Playful assembly planning
Johann Soder has initiated a 4.0 production process at SEW Eurodrive. According to SEW’s COO the visualization of the “right” data is a decisive factor in the success of the factory. Usability and user experience are becoming increasingly important. In addition, SEW Eurodrive is exploring gamification approaches in order to streamline its customers’ assembly planning.16 Jan 2019
What role do visualization, usability and user experience (UX) play in a 4.0 production process?

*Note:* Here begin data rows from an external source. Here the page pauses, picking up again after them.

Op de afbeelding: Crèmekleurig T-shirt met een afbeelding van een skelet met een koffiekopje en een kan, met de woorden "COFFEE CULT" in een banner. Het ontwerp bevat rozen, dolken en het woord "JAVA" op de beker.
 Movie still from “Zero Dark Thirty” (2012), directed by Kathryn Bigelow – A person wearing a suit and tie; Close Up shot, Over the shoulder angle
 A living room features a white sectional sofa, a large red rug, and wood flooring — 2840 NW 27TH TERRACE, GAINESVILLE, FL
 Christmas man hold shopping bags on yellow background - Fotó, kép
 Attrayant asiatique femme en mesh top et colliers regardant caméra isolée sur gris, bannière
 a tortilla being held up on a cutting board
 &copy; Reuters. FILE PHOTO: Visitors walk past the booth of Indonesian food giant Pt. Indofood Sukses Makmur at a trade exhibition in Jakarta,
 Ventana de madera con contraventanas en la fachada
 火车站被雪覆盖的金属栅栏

Visualization and software usability play a central role for value-creation managers and assembly operatives in Industrie 4.0 applications. Both groups need to have the right information at the right time. By virtue of his role the value-creation manager has a detailed overview of the smart factory, whereas the operative at his or her assembly island requires information about the next jobs (a prerequisite for establishing priorities), as well as guidance with regard to non-routine assembly tasks. This is where automation technology, IT and software come into play.
Why are usability and UX gaining importance in the manufacturing sector?
Software usability is gaining increased importance due to the complexity of the data and functions. Numerous parameters play a role here. Users (managers and assembly workers) need to concentrate on the tasks in hand instead of familiarizing themselves laboriously with complex software functions. In the automation sector, software and IT provide support and are not ends in themselves. Nowadays, who takes the trouble to read the user manual of their smartphone? This is where our solutions are targeted.
What can we learn from smartphones?
We aim to create user interfaces that are as easy to use as a smartphone or tablet. Data transmission and algorithm processing will take place in the background, without any input from the user. We are also learning from the gaming world. People can play today’s games without having to study the user manual. This is where we aim to go.
What role does gamification play in industrial user interfaces?
It plays a special role. Our aim is to streamline collaboration with our customers. On the basis of the scheduled jobs the assembly manager applies gaming strategies in order to plan the production process for the following three hours. Only when he has achieved an optimum result does he transfer his plan to the real-world production line. This approach is derived from the gaming world.
Which goals has SEW set itself with regard to the realization of usability and UX projects?
Our goal is to facilitate efficient interaction between the customer and our staff at all the relevant points of contact. For our customers this means that it will be easier to configure and order power transmission systems. They will benefit from enhanced transparency in terms of order status, assembly and delivery. For our staff this will ensure they have access to the right information at the right place and at the right time, thus enabling them to provide optimum customer service.
To what extent are your staff involved in this development process?
Our staff are the basis for this process. They know best what information is needed, when, and in what form – as text, video or a VR application. The project team evaluates and discusses the developments with reference to relevant requirements and then implements and tests the solutions in practice. The same applies to the interfaces with our customers and suppliers. In various pilot projects we are exploring new possibilities for configuring and ordering power transmission solutions.